What it does: each shard runs a thread-safe Algorithm R and tracks its count; the merge picks each output slot from a shard with probability proportional to that shard's count, yielding a uniform global sample. Fold pairwise for many shards.


Sampling Guarantees You Can Promise Downstream

When a sampling service feeds dashboards, alerting, or ML training, the consumers need to know exactly what statistical contract they are getting. A senior states these guarantees precisely rather than hand-waving "it's random."

Guarantee What it means What it does NOT mean
Uniform inclusion Each item from the global stream is in the final sample with probability k/n. It does not mean a fixed rate; the rate is k/n and shrinks as n grows within a window.
Fixed sample size The output is exactly k items (when n ≥ k). Unlike Bernoulli sampling, you never get a surprise 10× sample on a traffic spike.
Subset uniformity Every k-subset of the window is equally likely. Not "every item independently"; reservoir sampling is without replacement.
Weighted inclusion (A-Res) Inclusion probability is proportional to weight in the Efraimidis-Spirakis sense. Not exactly k·w_i/Σw for all settings — it is the A-Res top-k-keys distribution.
Window scoping Guarantees hold within the defined window (tumbling/sliding), not across windows. A per-minute sample is not a per-hour sample; you must merge.

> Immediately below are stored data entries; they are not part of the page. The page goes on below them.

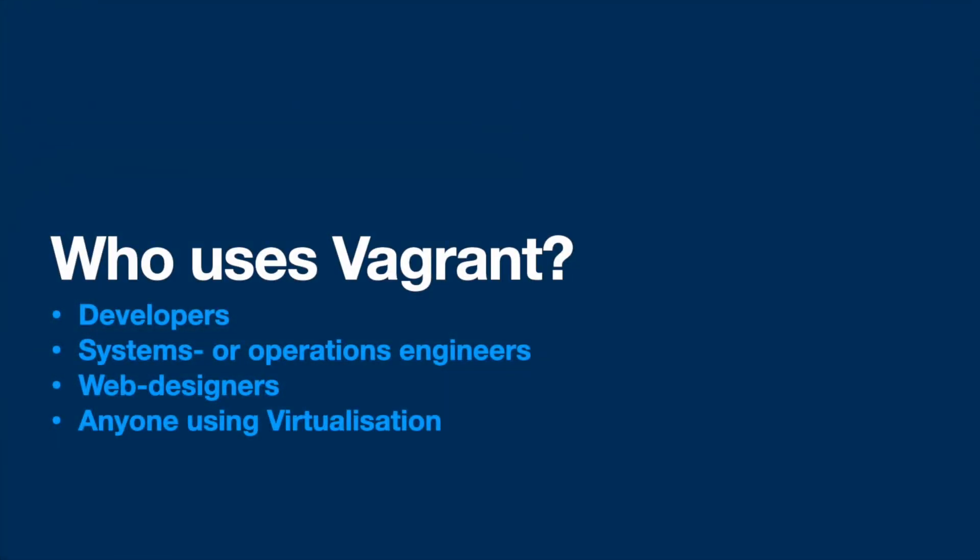So who should use Vagrant? Developers can use Vagrant to isolate dependencies in an environment. Simply create a Vagrant file for your purpose and share it with your team. Then everyone can work from the same development environment with the same configuration. Whether you are working on Linux, macOS or Windows, all your team members are running code in the same environment, against the same dependencies.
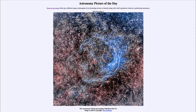Greetings and welcome to the introduction to astronomy. One of the things that I like to do in each of my introductory astronomy classes is to begin the class with the astronomy picture of the day from the NASA website.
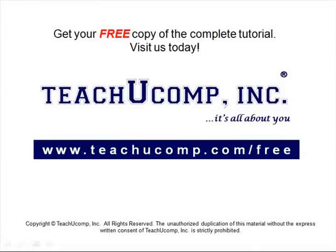Get your free copy of the complete tutorial at www.teachucomp.com forward slash free.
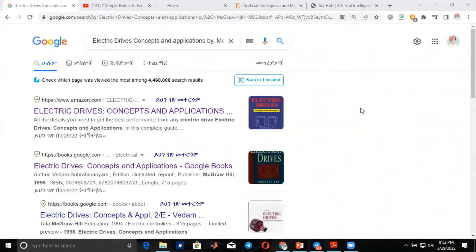Hello everyone! Welcome to this YouTube channel. My name is Salim and I'm back with this video. I'm going to explain two crucial things, especially for students who are doing research and who want to get an essential book from the internet. So before I proceed to my discussion,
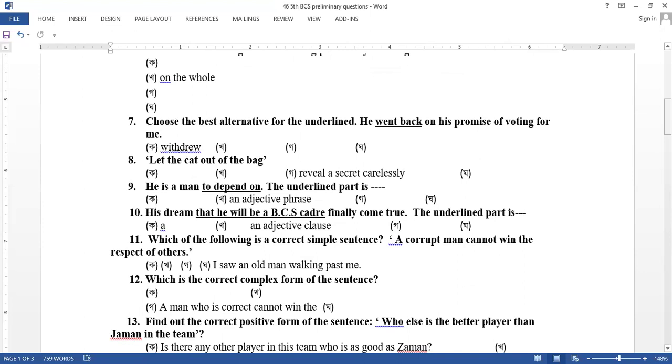His demand that he will be a business finally come true. Adjective phrase. That is, in that relative pronoun inside. Following is a simple sentence. A corrupt man cannot win that respect of others. The correct simple sentence.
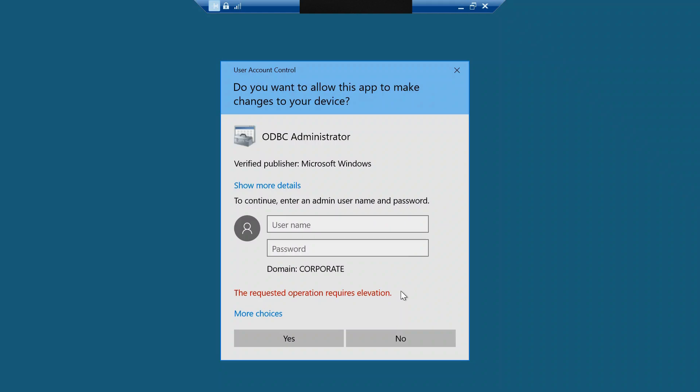This error occurs when you try to execute a specific task as an administrator and when you enter any username or password and that username does not have enough permission to login, then this requested operation requires elevation error appears.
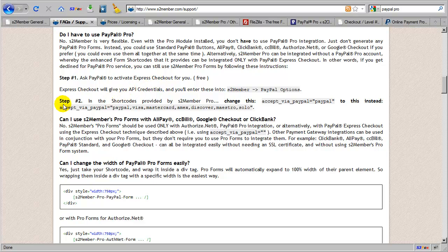And all you will do in the second step is simply change the shortcode attribute that's provided by S2Member Pro, where it says Accept via PayPal. You change this attribute to just say, PayPal.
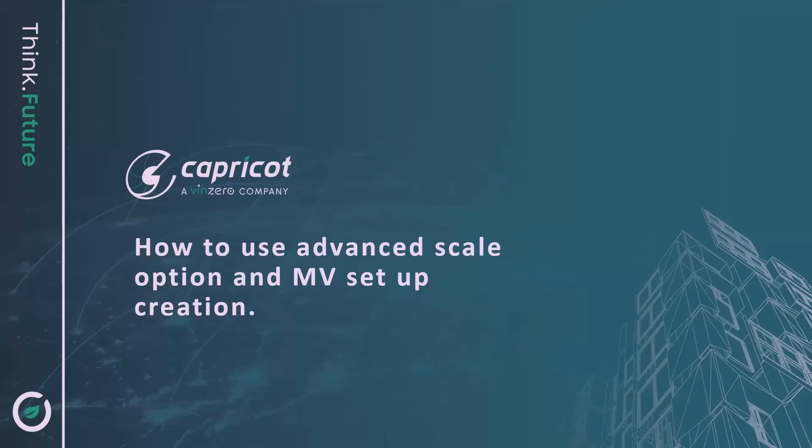Sunil Kumar Jaiswal, Solution Specialist in Manufacturing at Capricot Technology, brings you Weekly Tech Tuesday on Advanced Scale Option in AutoCAD.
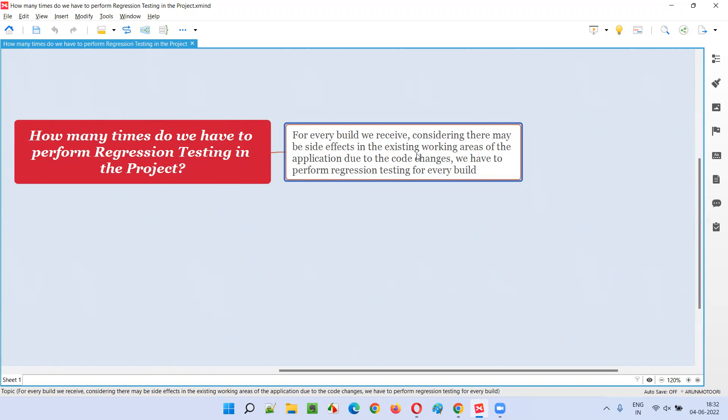That is the reason every time we receive a build, some code changes have been done from the previous build to the current build. Since code changes happened, we are not sure which area of the application got side effects. To check that, we have to perform regression testing every time we receive a build.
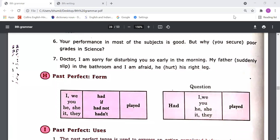Good afternoon everyone. It's your English class and today we are going to study our third chapter, verbs expressing the past. We were on page number 24. Please open page number 24 — past perfect tense. We need to start from here, past perfect form.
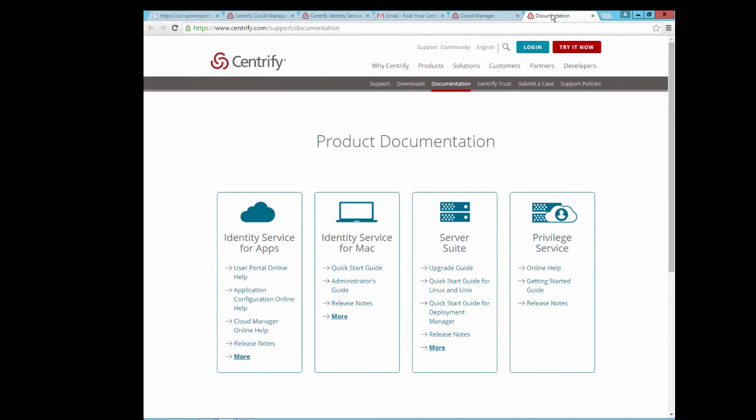Please visit docs.centrify.com for detailed instructions on setting up Centrify Identity Service. Thank you.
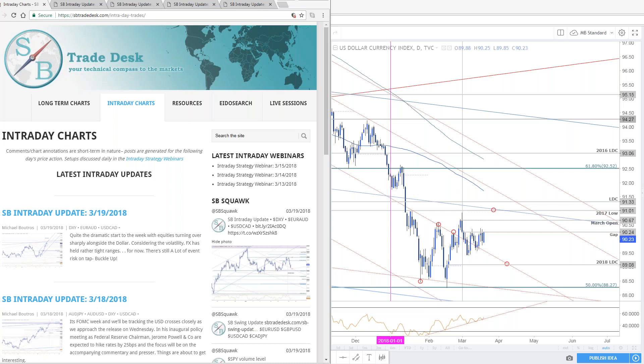Hello traders. Welcome to this live intraday strategy webinar on SB Trade Desk. Today is Tuesday, March 20th, one day ahead of the FOMC interest rate decision, which is on tap tomorrow. We got a lot to cover today. Dollar CAD is at absolutely critical levels here. If there is such a thing called resistance, we'd like to see it here in dollar CAD.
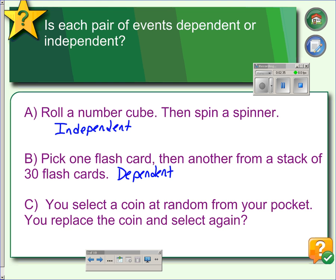Example C: you select a coin at random from your pocket, replace the coin in your pocket, and select again. Even though you've selected a coin and are reaching into your pocket a second time, the first coin has been put back. So these are independent events because you put the coin back.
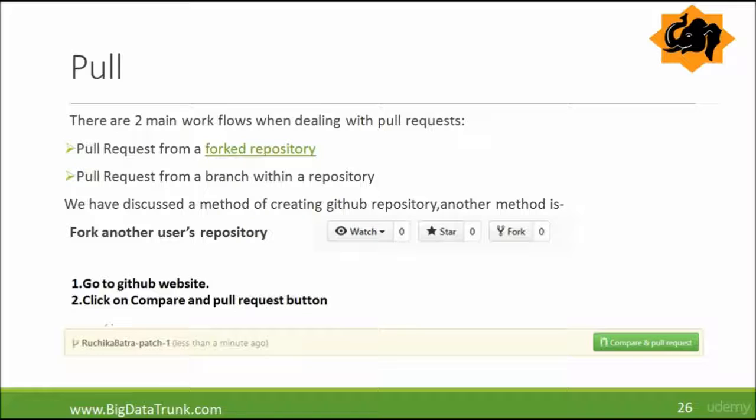Sometimes you want to merge in your changes into the other branch or repository. To do so, you need to send a pull request. So pull is basically a fetch and merge.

The single most important thing to communicate: reservoir sampling gives a fixed-size sample with a per-item probability that depends on the window's total count n. Teams that expect a fixed rate (e.g. "always 0.1% of traffic") want Bernoulli sampling instead, and confusing the two is a common source of "the sample looks too small during quiet periods" tickets. Document the contract in the schema of the emitted sample (carry n, k, window bounds, and the variant).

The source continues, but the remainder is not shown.